It's easy to forget as we return to the campaign trail after pausing for Independence Day weekend, a sort of halftime at the big electoral dance, that Donald Trump's Make America Great Again message could have appealed to a broader spectrum of voters in a deeply divided electorate and might have been a winner. She Who Wears Pantsuits forgets that at her own peril.
But Trump's message was of course trampled by his lack of self control, never-ending fandango with the truth, obsession with conspiracy theories, and most especially by his pathetic boy-man lust for acceptance and power. And so the question is no longer whether Trump can win, but whether he will destroy the Republican Party as he goes down to defeat.
The short answer is "who cares?" The longer answer is merely a variation on that.
Political parties seem increasingly irrelevant to begin with, but the Republican Party is a special candidate for electoral oblivion. At the national level, the party has become a septic tank for special interests like Wall Street and the National Rifle Association and a magnet for Bible thumpers and angry white men -- and sometimes Bible thumping angry white men. The party has determinedly refused to learn the lessons from its crushing defeats in 2008 and 2012, notably as they apply to women who don't want politicians telling them how to live their lives and minorities who are tired of being treated as pariahs a heartbeat away from deportation or marginalization. And all the while the party has indulged in the magical thinking that has long pervaded the American conservative movement as its drift to the right and away from the mainstream has become a full-blown gallop.

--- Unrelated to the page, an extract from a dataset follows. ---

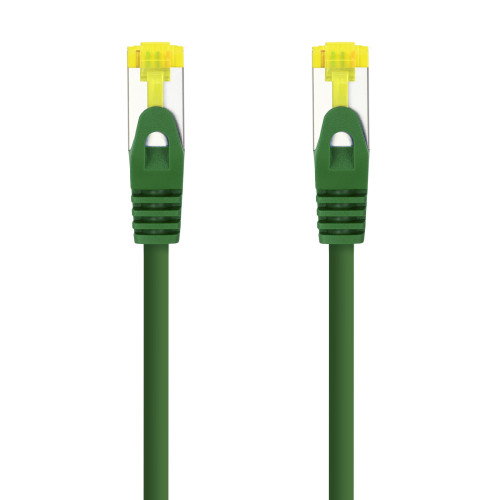Nanocable 10.20.1903-GR Cable de Red Latiguillo RJ45 LSZH Cat.6A SFTP AWG26 Verde 3.0 m Nanocable 10.20.1903-GR Cable de Red Latiguillo RJ45 LSZH Cat.6A SFTP AWG26 Verde 3.0 m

The likelihood of Trump being denied the Republican nomination at the national convention in two weeks time is slim. A greater concern will be two of the party's most combustible constituencies -- hate groups and gun nuts -- being loosed in the streets of Cleveland with anti-Trump protesters.
Meanwhile, you can safely discard polls showing Trump and Clinton to be neck and neck because the likelihood of Trump being routed by Hillary Clinton in November has gone from most likely to most certainly, and that will become apparent during the slog to Labor Day. Numbers-crunching guru Nate Silver conservatively gives Clinton a 79 percent chance of cleaning The Donald's clock with him losing virtually every swing state and even a few reliably red ones, as well. But wait! If the U.S. allowed only white people to vote, Silver's numbers show that Trump might have a chance.
Most Republican bigs acknowledge that Trump is toast, a surprising number of them publicly even in convention-hosting Ohio and even with the second half still to be played, but what has them piddling on their tassel loafers is not that they created a Frankencandidate.
What has them so concerned is that because of Trump, there is a high probability that the party will lose the Senate, bleed a substantial number of House seats while keeping a slim majority, and be devastated at the gubernatorial and state legislature level, where the GOP has held a majority of seats since 2010. In fact, the party holds the largest number of seats at the federal and state level at any time since 1900 when President McKinley was basking in the afterglow of the Spanish-American War. If we're basking in the afterglow of anything these days, I've missed it.
This down ticket devastation-in-the-making is because Trump will have no coattails and Clinton's coattails will be especially long because of Barack Obama, whom a robust number of voters realize has been, on balance, a really good president in these afterglow-free times. Americans have been trending toward straight-ticket voting for years, and are unlikely to get all ticket-splity just because the Republican nominee is a knuckle-dragging equal opportunity offender so awful that he has compelled some Republicans struggling to keep their Senate seats to actually take out television ads against him.
The party brand already is so tarnished in California, with its honking 55 electoral votes, a fifth of the total needed to win it all, that Trump guarantees the party will fail to win a single statewide office.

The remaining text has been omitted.